▸ **Required action**:
Every line below between the one holding "1997 GMC Savana" and the one holding "Certified 2024 Ford F350 Platinum image 5", inclusive, should be copied exactly, and no other line.

--- Task input Enclosed Below ---

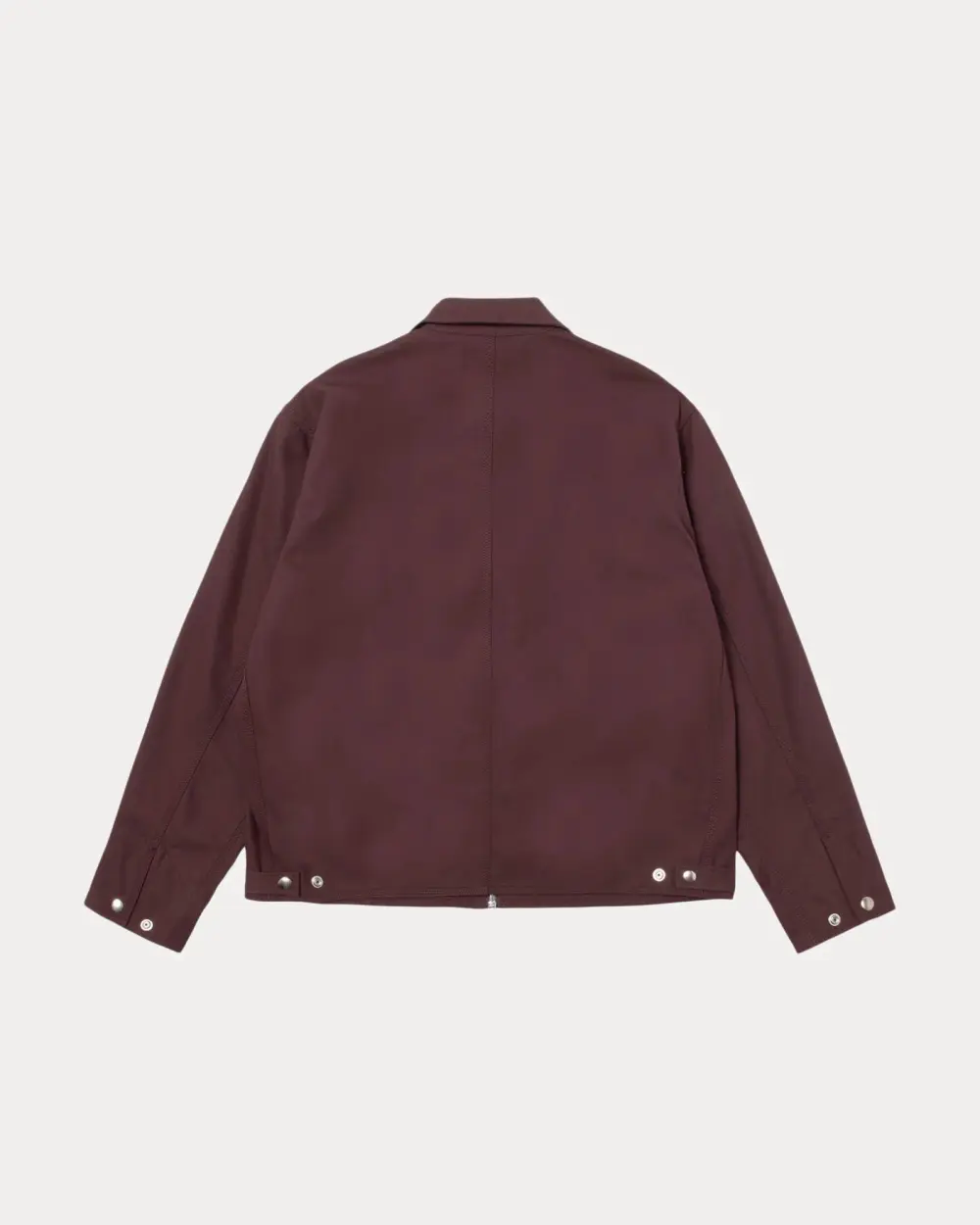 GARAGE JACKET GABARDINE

--- End of Enclosed Task input ---
--- Task input Enclosed Below ---

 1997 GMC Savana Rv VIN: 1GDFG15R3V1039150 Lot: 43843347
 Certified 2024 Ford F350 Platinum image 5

--- End of Enclosed Task input ---

▸ **Task solution**:
 1997 GMC Savana Rv VIN: 1GDFG15R3V1039150 Lot: 43843347
 Certified 2024 Ford F350 Platinum image 5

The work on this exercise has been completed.